TIU4. Memahami dan menjelaskan pemeriksaan radiologis


4.1 Tujuan pemeriksaan radiologis
Pemeriksaan radiologis dilakukan apabila dicurigai terdapat fraktur
4.2 Syarat pemeriksaan radiologis
Radiologis untuk lokasi fraktur harus menurut rule of two, terdiri dari :
I.
2 gambaran, anteroposterior (AP) dan lateral
II. Memuat dua sendi di proksimal dan distal fraktur
III. Memuat gambaran foto dua ekstremitas, yaitu ekstremitas yang cedera dan
yang tidak terkena cedera (pada anak) ; dan dua kali, yaitu sebelum tindakan dan
sesudah tindakan.
4.3 Yang dilihat pada Foto tulang:
Ada fraktur/tidak.
Lokasi.
Tipe garis fraktur.
Kedudukan antar fragmen:
aposisi, allignment, torsi.

13

TIU 5. Menjelaskan penatalaksanaan fraktur terbuka os femur


Fraktur terbuka adalah suatu keadaan darurat yang memerlukan penanganan segera.
Tindakan harus dimulai dari fase pra-rumah sakit, yaitu pembidaian; menghentikan
pendarahan dengan perban tekan; menghentikan perdarahan besar dengan klem.
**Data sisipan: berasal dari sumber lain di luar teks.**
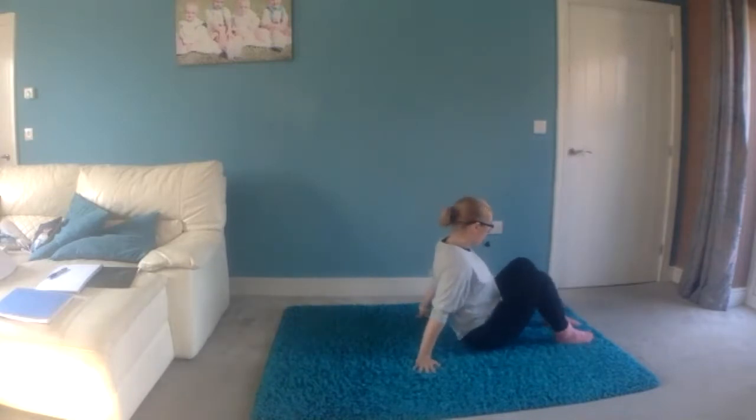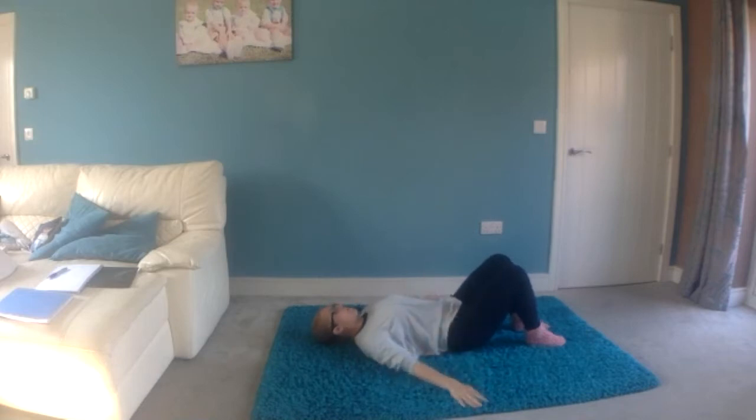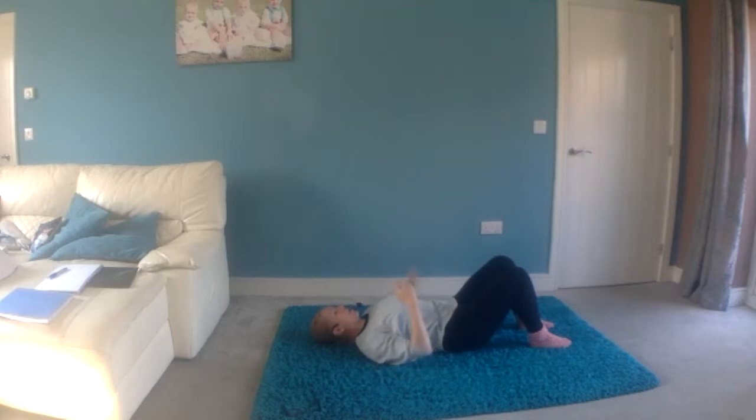We're going to lie on our backs with knees and feet hip width apart, everything parallel. Allow the arms to just rest down — not up to the side, not above the head — just rest down in a V shape. Start to focus on how your back is naturally. You're not going to force it into the floor or lift it up; just allow yourself to lay there and drop those shoulders down towards the fingertips.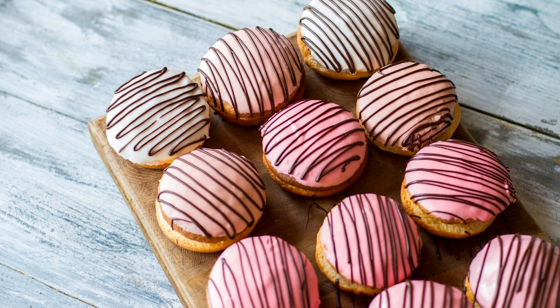Ingredients. For the cookie dough: 1 cup unsalted butter, softened; 1 cup brown sugar; 1/2 cup granulated sugar; 2 teaspoons vanilla extract; 2 cups all-purpose flour; 1 teaspoon salt; 1 cup mini chocolate chips.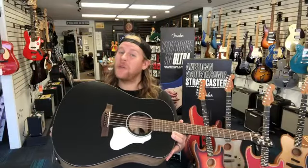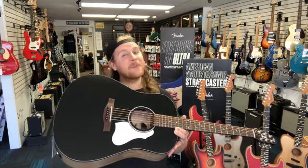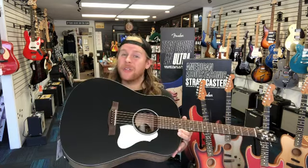Now if you want to take this beauty home with you, visit shop.murphysguitars.com, visit us on Reverb, or come see us in store. We'd be happy to get you hooked up. We'll see you soon.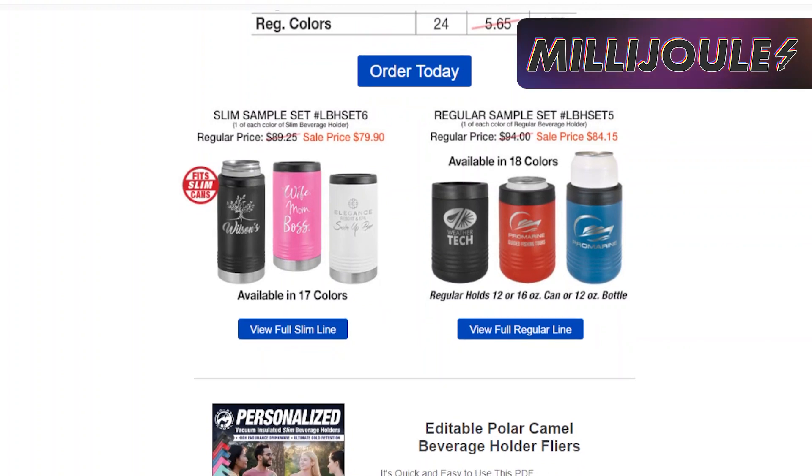A regular beverage holder sample set is $84. Don't forget, the regular beverage holder can hold both cans and bottles — perfect for the beach. So take a look today so you don't miss out on summer inventory for July 4th and all the family cookouts coming soon.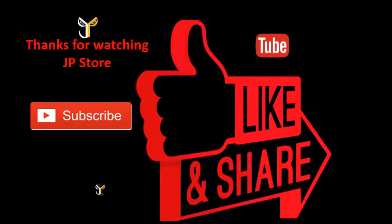Thanks for watching JPStore. Please do subscribe, like, and share.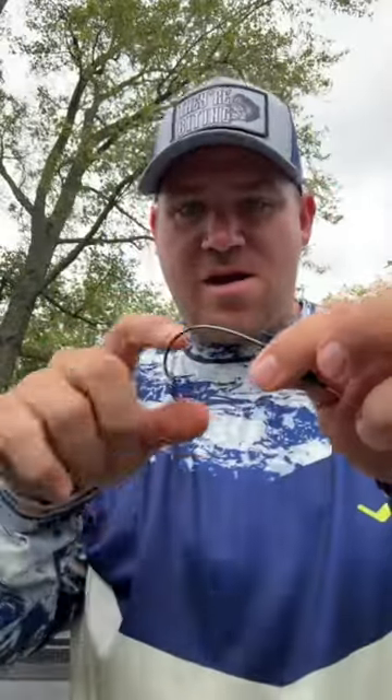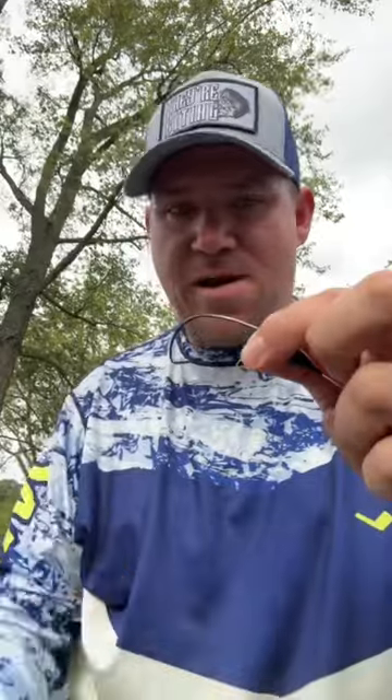When you do that and you pull all your stuff down tight, your hook's going to be backwards — it's going to be upside down. You're going to be jerking up and the hook's going to be pointed down. No bueno.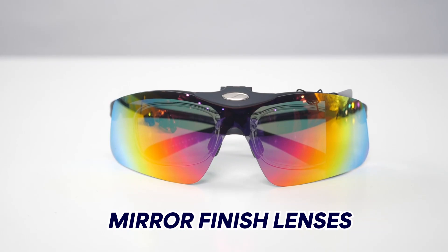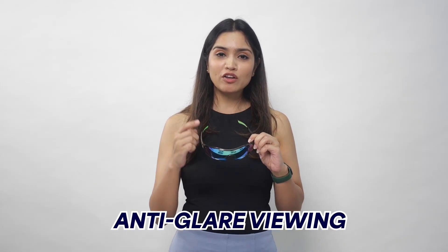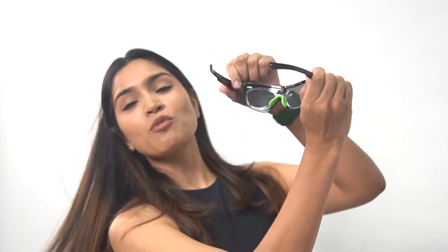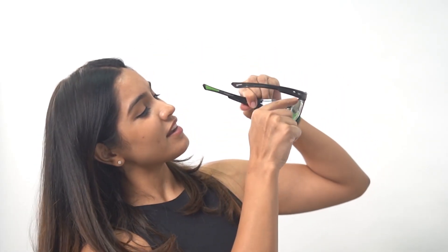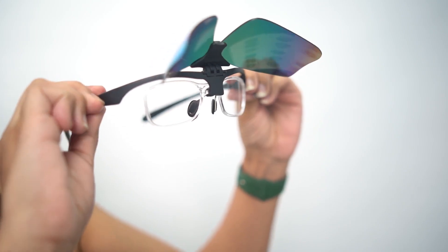All the fronts are mirror coated. Mirror coating gives you anti-glare viewing and is one of the major aesthetics in sportswear. The last and most important feature in this category is power compatibility — all these models are power compatible. There is a dummy inside which carries your prescription. If you are not a prescription wearer, you can simply remove the dummy and use it as a normal sunglass. This is a very rare offering across brands.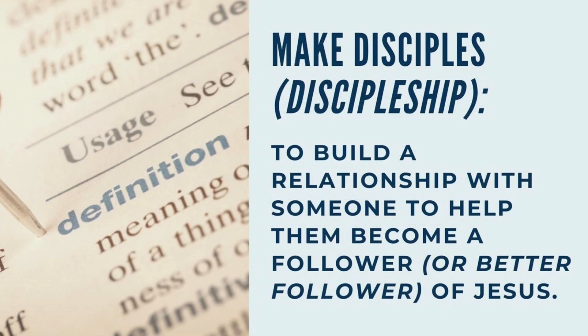This includes what we talked about from Matthew 28 — taking somebody along that process. 'Go therefore and make disciples of all nations, baptizing them in the name of the Father, the Son, and the Holy Spirit.' No matter where they are in that journey, it's the process of making a disciple. Discipleship or making disciples is to build a relationship. And to do this in our spiritual lives, you have to see people. Let's go back to our text, Matthew 9:36.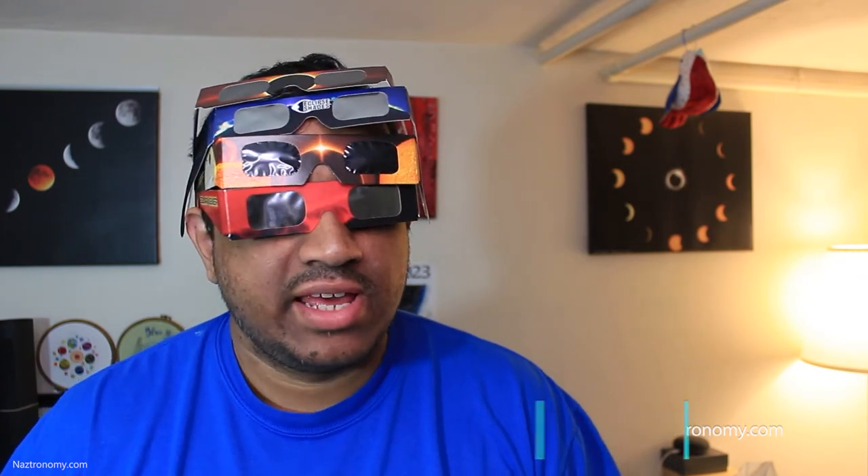Hey, it's Nass from Astronomy. This is the second video in the Solar Eclipse series. In today's video, we're going to talk about Solar Eclipse Glasses. In the previous video, I briefly mentioned solar eclipse glasses and their safety standards.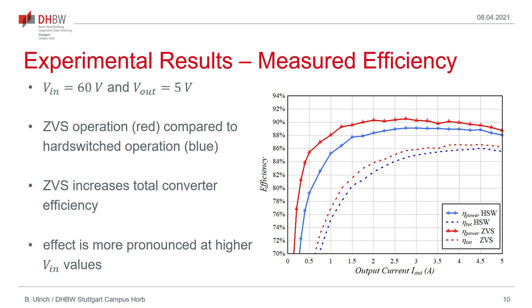Finally, experimental results showing the measured efficiency of the converter are presented. This is done for an operating point with an input voltage of 60V and an output voltage of 5V. The proposed zero-voltage switching operation is compared to a hard-switched operated converter. The red traces indicate the proposed operating method and the blue traces are for a hard-switched converter. As can be seen, the efficiency increases and therefore the losses decrease. The solid lines show the power stage efficiency, and the dashed lines show the total converter efficiency including gate drive power and control circuit power. The efficiency of the converter is increased because turn-on losses of the two high-side transistors are reduced by employing ZVS, and this effect is more pronounced at higher input voltage as the turn-on losses would then also be higher.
Tiba di UGD
rumah sakit harus segera diperiksa menyeluruh.
Tindakan debridement dan posisi terbuka:
1. Penderita diberi toksoid, ATS atau tetanus human globulin.
2. Antibiotika untuk kuman gram positif dan negatif dengan dosis tinggi.
3. Kultur dan resistensi kuman dari dasar luka fraktur terbuka.
4. Tourniquet disiapkan tetapi tidak perlu ditiup.
5. Setelah dalam narkose seluruh ekskremitas dicuci selama 5-10 menit dan dicukur.
6. Luka di irigasi dengan cairan NaCl steril atau air matang 5-10liter. Luka derajat 3
harus disemprot hingga bebas dari kontaminasi (jet lavage).
7. Tindakan disinfeksi dan pemasangan duk (draping).
8. Eksisi luka lapis demi lapis. Eksisi kulit, subkutis, fasia, otot. Otot-otot yang tidak
vital dieksisi.tulang-tulang kecil yang tidak melekat pada periosteum dibuang.
Fragmen tulang besar yang perlu untuk stabilitas dipertahankan.
9. Bila letak luka tidak menguntungkan maka untuk reposisi terbuka dibuat insisi baru
yang biasa dipergunakan, misalnya fraktur femur dengan fragmen distal menembus
dekat lipat paha, untuk reposisi terbuka dipakai approach posterolateral biasa.
10. Luka fraktur terbuka selalu dibiarkan terbuka dan bila erlu ditutup setelah satu
minggu setelah edema menghilang. Luka untuk reposisi terbuka dijahit primer.
11. Fiksasi yang baik adalah fiksasi eksterna. Bagi yang sudah berpengalaman dan di
rumah sakit dengan perlengkapan yang baik, penggunaan fiksasi interna dapat
dibenarkan. Bila fasilitas tidak memadai, gips sirkuler dengan jendela atau traksi
dapat digunakan dan kemudian dapat direncanakan untuk fiksasi interna setelah luka
sembuh (delayed internal fixation). Pemakaian antibiotika diteruskan untuk tiga hari
dan bila diperlukan debridement harus diulang.